In writing this column in Writely, I've chosen my font, changed the line spacing, even gone crazy and indented the paragraphs without really breaking stride. It's all straightforward, intuitive stuff. On the downside, printing doesn't look too pretty: if you're spending a lot of time collating documents, doing fancy layouts, adding images or writing book-length materials in Master Documents, then you're better off with something like Word. And according to comments on Writely's blog, getting links to people to read your document can present confusing sign-up choices, although these may vanish once Google account integration is worked out. However, these seem like problems that can be fixed, and if you're writing something like this -- short, delightfully written online prose -- then Writely makes perfect sense.
The one thing you want to do when you've written a column is check how many words you've written. A journalist I know (and an impeccable source) worked at Microsoft as a consultant several years ago, advising the company on ways to improve its software, and he asked the team why the word-count feature wasn't easier to find. He was told that this facility was a low priority because the team were so angry with the bad press they'd received that they had no wish to make life easier for members of the media. Writely passed this test with flying colours. Just go to the Edit menu and select count words (although I admit I did have to look it up in the Help menu).

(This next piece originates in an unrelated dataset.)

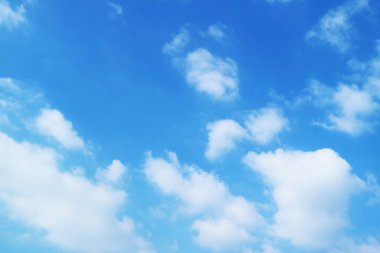 Pofuduk Beyaz Bulutlar Canlı Mavi Gökyüzüne yayılıyor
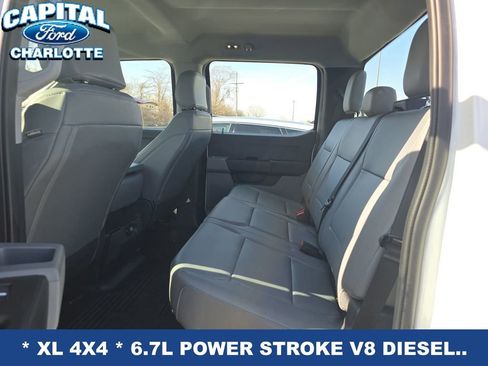 Used 2025 Ford F450 XL w/ XL Chrome Package image 12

Writely was put in closed beta after its purchase by Google in March, and the company is now working to integrate it with Google's membership systems and to ensure that its technology has the scale required to become the planet's free writing application. I hope they figure it out. Once it's properly integrated with Google Calendar and Gmail, I for one (along with a couple of Swedish quantity surveyors) will definitely be using Writely whenever possible. Take my Word for it. Please.